"Health kitchen" threw at me owner Lili. "Salads are oil free, and we only use vegetables and walnuts" she added as the table was covered with small salad plates. Yuval Blankovsky at Racha in Jerusalem
What do you know about the Georgian cuisine? As soon as we stepped into Racha we were seated and hot bread with red beans salad was served to the table. "It's just that a Georgian table cannot stand empty" said the waiter. Add a Georgian soda and a glass of wine, and soon enough we got the party started. "Health kitchen" threw at me owner Lili. "Salads are oil free, and we only use vegetables and walnuts" she added as the table was covered with small salad plates. I won't bother you with names such as Adzhazhilli or Ispanakhi, let me just say that you've never tasted anything like this before. Grilled vegetables, eggplants, pomegranates, and of course chopped walnuts – will all take you through a wonderful culinary experience, and Racha's menu has even an entire meal based on starters alone.
While we were enjoying the hot, sour and spicy flavors playing in our mouths, came the second course – the pastries. Racha offers a lot of good things, but the pastries are definitely something to talk about.
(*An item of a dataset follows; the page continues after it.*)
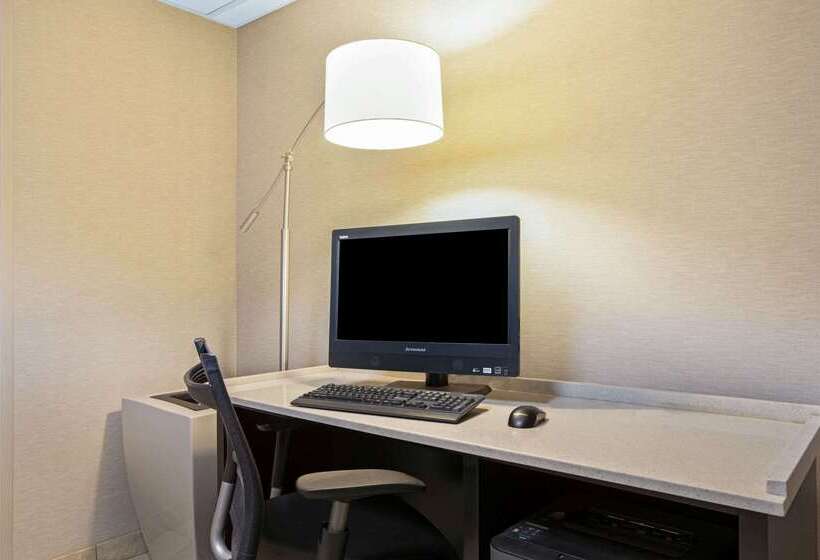 هتل La Quinta By Wyndham N Little Rock   Mccain Mall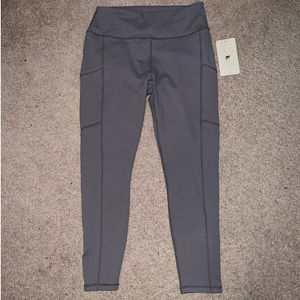 New Fabletics High-Waisted Side Pockets 7/8 Legging Gray size L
The Chibureki are 2 crispy half-moons made of dough and filled with beef, served boiling hot with the superstar – Tkhemali sauce – made spicy with green plumbs, something you should not miss. We also had Khinkali, which are dough pockets stuffed with meat, and Belini – Georgian pancake filled with meat mixture. To tell the truth, we could have stopped here.
On top of the luxuriously decorated restaurant space, Racha has 2 bars; one of which is made for smokers. A huge selection of wines and other alcoholic beverages are offered. On Wednesdays, Balkan nights are held, and on Friday noon – ethnic Kabalat Shabat. As for the rest of the week – the restaurant is only open at nights; lunch is available for group reservations.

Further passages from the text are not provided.